Exercise M4.04

miwojc · 20 June 2021 10:27

When i execute the exercise M4.04 code (also checked solution, i just pulled from github to maker sure i have latest notebooks) i get repeated coefficients for repeated features. results are different than in the course website notebook
local:

website course solution:

echidne · 20 June 2021 14:27

Hi @miwojc ,

I also did the exercice localy and i did not see difference with the solution on the web site.
The graph and the array of coefficients you are obtained locally should be the result of the Ridge model ( as you can see at the bottom of the solution). Are you sure you did not be confused in your notebook between the 2 models ??
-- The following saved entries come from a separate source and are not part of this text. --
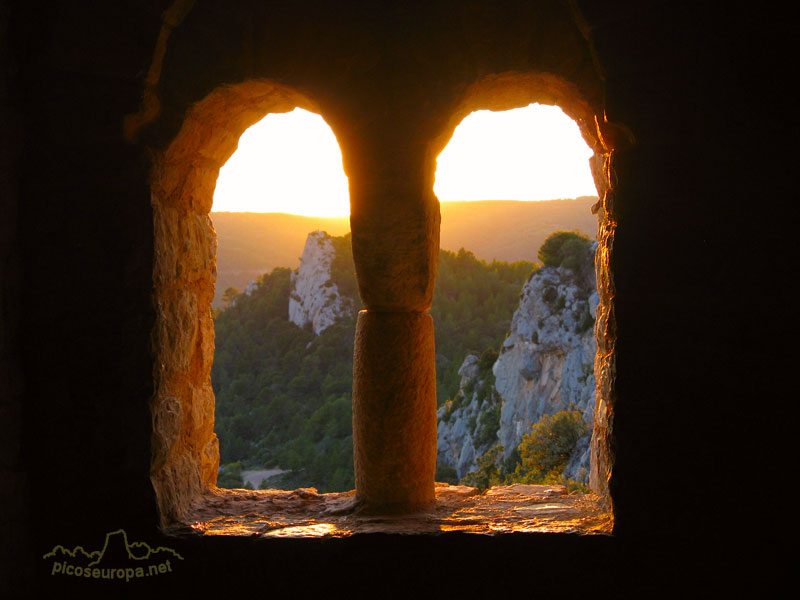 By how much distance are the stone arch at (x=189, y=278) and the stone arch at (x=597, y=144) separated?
68cm

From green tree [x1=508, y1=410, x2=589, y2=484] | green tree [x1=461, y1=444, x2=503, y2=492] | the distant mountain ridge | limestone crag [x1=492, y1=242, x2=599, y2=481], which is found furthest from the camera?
the distant mountain ridge

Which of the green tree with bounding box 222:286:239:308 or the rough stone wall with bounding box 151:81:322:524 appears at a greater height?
the green tree with bounding box 222:286:239:308

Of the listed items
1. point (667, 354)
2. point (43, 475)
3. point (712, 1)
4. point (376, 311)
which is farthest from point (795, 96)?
point (43, 475)

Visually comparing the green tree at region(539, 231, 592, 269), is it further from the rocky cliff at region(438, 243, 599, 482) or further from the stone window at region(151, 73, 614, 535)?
the stone window at region(151, 73, 614, 535)

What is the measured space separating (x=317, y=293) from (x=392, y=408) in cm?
1762

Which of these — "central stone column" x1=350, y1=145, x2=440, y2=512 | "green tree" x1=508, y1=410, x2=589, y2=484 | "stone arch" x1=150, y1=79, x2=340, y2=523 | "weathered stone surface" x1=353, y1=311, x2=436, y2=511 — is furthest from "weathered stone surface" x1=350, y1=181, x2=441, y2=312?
"green tree" x1=508, y1=410, x2=589, y2=484

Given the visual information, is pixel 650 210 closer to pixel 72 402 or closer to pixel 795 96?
pixel 795 96

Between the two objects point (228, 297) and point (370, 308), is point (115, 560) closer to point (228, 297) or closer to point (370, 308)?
point (370, 308)

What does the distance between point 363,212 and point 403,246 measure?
23cm

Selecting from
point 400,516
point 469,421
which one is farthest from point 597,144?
point 469,421

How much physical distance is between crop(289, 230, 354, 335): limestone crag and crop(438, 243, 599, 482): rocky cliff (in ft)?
20.3

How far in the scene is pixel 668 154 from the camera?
2512mm

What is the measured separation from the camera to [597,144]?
2.98 meters

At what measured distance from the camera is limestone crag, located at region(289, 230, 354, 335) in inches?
786
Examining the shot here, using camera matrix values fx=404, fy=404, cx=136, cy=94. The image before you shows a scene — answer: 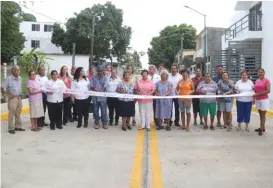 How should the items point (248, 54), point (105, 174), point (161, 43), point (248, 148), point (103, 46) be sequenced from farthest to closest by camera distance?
1. point (161, 43)
2. point (103, 46)
3. point (248, 54)
4. point (248, 148)
5. point (105, 174)

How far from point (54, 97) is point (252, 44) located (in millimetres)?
15723

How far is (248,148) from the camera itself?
8312 millimetres

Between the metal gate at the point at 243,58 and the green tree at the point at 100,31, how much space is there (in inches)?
982

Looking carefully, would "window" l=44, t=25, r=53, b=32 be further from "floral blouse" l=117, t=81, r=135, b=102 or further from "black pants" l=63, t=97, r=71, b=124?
"floral blouse" l=117, t=81, r=135, b=102

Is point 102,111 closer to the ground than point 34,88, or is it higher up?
closer to the ground

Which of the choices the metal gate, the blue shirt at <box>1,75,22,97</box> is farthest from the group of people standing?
the metal gate

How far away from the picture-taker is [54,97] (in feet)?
34.7

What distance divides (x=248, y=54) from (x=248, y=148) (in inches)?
629

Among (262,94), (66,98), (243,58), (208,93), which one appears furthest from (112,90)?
(243,58)

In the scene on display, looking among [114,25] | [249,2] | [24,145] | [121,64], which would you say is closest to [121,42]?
[114,25]

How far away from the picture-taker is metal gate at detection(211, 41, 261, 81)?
76.2 feet

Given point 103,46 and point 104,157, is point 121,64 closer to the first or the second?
point 103,46

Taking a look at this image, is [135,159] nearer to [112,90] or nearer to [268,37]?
[112,90]

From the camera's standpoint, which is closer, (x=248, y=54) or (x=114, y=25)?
(x=248, y=54) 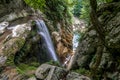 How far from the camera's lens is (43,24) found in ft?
51.4

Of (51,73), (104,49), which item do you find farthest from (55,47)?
(104,49)

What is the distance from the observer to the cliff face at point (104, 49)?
21.7 ft

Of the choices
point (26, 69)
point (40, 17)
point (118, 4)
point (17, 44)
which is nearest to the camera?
point (118, 4)

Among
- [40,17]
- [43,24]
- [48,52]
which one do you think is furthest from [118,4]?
[40,17]

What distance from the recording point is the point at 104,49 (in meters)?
7.37

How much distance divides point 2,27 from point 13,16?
162cm

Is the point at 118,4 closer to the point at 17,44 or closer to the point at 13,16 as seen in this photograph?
the point at 17,44

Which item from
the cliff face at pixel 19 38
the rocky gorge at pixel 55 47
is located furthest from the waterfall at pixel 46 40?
the cliff face at pixel 19 38

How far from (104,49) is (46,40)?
25.0ft

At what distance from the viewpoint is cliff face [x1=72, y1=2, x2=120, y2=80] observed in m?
6.60

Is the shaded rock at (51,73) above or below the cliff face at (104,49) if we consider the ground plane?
below

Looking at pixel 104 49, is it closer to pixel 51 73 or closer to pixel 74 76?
pixel 74 76

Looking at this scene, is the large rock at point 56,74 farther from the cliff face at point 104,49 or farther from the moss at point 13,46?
the moss at point 13,46

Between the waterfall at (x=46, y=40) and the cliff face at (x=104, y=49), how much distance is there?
18.2 feet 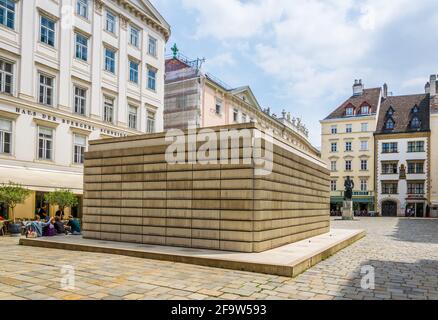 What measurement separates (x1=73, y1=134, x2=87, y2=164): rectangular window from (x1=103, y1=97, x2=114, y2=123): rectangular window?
265 centimetres

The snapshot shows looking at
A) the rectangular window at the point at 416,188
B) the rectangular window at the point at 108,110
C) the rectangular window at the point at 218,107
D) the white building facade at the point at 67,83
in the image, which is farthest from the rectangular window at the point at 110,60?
the rectangular window at the point at 416,188

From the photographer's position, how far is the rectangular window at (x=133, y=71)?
98.0 ft

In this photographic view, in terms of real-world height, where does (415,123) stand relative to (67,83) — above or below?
above

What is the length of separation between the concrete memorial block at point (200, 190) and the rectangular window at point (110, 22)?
1616 centimetres

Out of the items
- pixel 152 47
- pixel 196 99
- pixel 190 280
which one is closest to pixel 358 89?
pixel 196 99

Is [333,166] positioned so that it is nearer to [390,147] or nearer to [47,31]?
[390,147]

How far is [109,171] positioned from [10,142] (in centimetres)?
978

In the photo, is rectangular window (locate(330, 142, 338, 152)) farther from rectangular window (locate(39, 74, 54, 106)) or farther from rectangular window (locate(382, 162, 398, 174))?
rectangular window (locate(39, 74, 54, 106))

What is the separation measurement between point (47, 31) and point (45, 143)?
6747 mm

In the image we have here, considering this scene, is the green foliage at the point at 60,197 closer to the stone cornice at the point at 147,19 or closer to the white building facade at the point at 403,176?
the stone cornice at the point at 147,19

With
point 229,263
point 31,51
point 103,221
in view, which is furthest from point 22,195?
point 229,263

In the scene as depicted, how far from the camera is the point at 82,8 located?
2570 cm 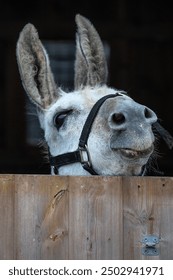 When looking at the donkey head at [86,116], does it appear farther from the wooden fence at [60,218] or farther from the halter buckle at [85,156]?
the wooden fence at [60,218]

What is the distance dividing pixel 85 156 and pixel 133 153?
0.32m

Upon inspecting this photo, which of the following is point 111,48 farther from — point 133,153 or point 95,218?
point 95,218

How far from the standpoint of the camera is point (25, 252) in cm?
406

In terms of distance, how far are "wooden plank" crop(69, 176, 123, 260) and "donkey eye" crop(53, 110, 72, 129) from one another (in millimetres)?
747

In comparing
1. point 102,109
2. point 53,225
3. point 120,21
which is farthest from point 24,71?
point 120,21

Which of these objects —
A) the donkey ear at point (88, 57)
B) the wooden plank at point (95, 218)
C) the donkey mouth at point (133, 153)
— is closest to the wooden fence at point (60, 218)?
the wooden plank at point (95, 218)

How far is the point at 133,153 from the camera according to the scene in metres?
4.27

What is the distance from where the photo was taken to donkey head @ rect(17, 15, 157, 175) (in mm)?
4285

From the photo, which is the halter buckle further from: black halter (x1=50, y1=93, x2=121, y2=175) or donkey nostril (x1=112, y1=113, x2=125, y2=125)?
donkey nostril (x1=112, y1=113, x2=125, y2=125)

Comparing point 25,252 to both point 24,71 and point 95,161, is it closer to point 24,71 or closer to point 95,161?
point 95,161

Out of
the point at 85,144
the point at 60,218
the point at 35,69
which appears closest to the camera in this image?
the point at 60,218

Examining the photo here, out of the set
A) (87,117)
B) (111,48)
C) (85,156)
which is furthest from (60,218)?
(111,48)

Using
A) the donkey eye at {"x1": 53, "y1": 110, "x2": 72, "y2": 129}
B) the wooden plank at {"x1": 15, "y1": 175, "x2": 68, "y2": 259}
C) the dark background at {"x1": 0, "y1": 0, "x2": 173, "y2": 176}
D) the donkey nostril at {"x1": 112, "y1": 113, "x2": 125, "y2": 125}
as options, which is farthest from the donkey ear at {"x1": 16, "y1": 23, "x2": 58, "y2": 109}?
the dark background at {"x1": 0, "y1": 0, "x2": 173, "y2": 176}

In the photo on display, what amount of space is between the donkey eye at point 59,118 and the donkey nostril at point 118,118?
444mm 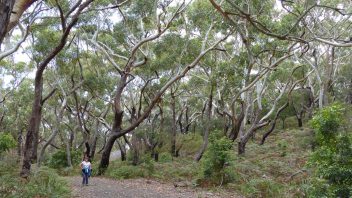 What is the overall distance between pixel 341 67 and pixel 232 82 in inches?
671

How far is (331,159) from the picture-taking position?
31.6 feet

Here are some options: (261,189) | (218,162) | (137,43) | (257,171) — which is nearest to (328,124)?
(261,189)

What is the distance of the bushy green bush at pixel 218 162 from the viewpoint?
1515cm

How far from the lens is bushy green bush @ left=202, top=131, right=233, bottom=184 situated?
15148mm

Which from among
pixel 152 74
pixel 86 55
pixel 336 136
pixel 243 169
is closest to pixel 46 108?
pixel 86 55

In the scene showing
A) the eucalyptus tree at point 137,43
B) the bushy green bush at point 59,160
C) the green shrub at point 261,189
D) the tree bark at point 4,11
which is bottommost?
the green shrub at point 261,189

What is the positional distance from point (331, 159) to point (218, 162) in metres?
6.19

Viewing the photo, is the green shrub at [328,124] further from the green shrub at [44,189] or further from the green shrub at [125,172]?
the green shrub at [125,172]

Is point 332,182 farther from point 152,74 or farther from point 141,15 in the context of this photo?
point 152,74

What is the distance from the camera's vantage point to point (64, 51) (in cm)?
2184

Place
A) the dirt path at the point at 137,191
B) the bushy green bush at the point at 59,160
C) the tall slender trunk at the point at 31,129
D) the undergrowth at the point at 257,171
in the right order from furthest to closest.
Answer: the bushy green bush at the point at 59,160
the tall slender trunk at the point at 31,129
the undergrowth at the point at 257,171
the dirt path at the point at 137,191

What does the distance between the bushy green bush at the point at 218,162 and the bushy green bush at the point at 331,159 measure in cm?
498

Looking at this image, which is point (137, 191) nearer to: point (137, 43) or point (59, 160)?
point (137, 43)

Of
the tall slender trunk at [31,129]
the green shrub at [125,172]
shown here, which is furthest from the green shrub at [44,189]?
the green shrub at [125,172] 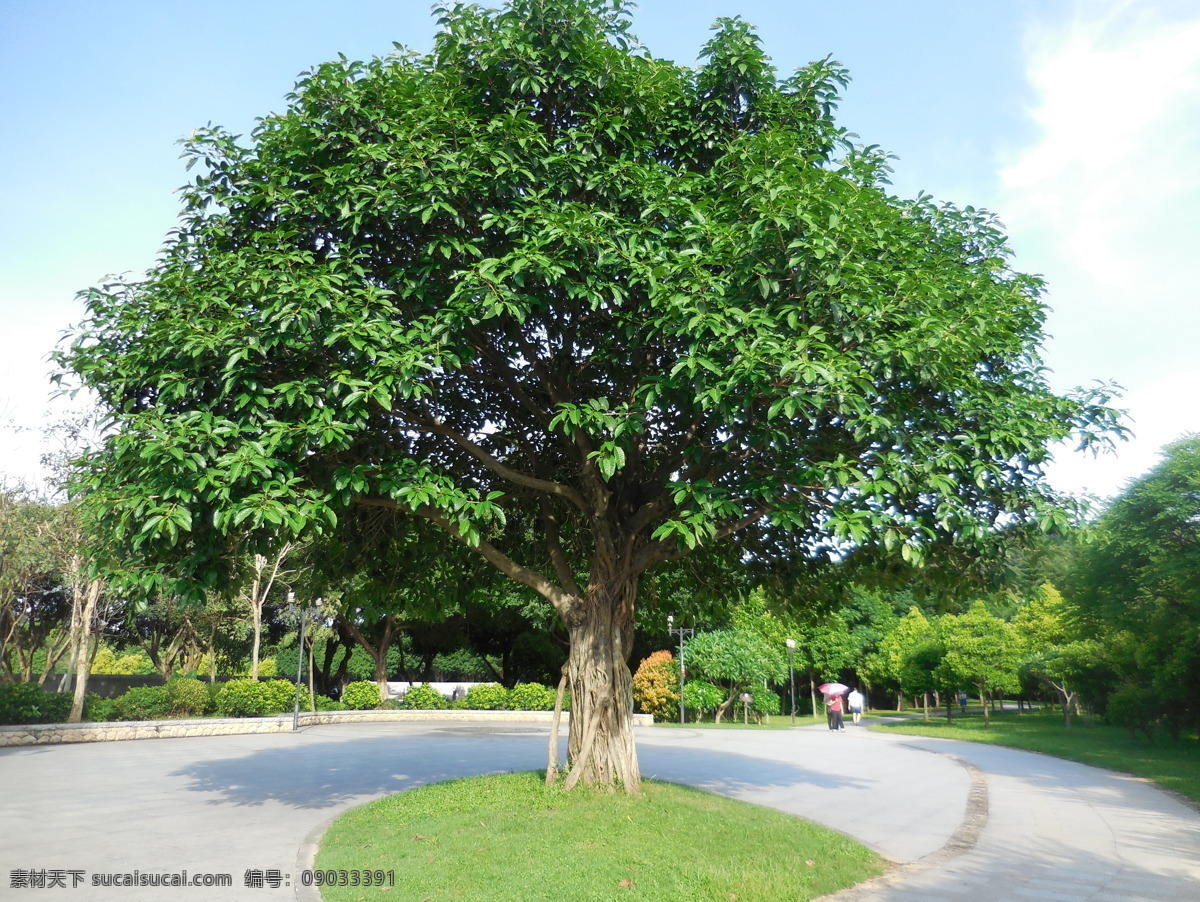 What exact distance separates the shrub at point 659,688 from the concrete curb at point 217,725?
1.28m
my local results for the linear_regression model :

and for the Ridge one :

glemaitre58 · 20 June 2021 17:31

@miwojc we wanted to point out a numerical issue and it might be that this behaviour is only reproducible in some OS. Are you using Linux? If you are using Linux, then it is a bit surprising and we should look at the low-level library used by SciPy and check differences then.

miwojc · 20 June 2021 19:05

I use JupyterLab and Windows Subsystem for Linux 2 to run the notebooks.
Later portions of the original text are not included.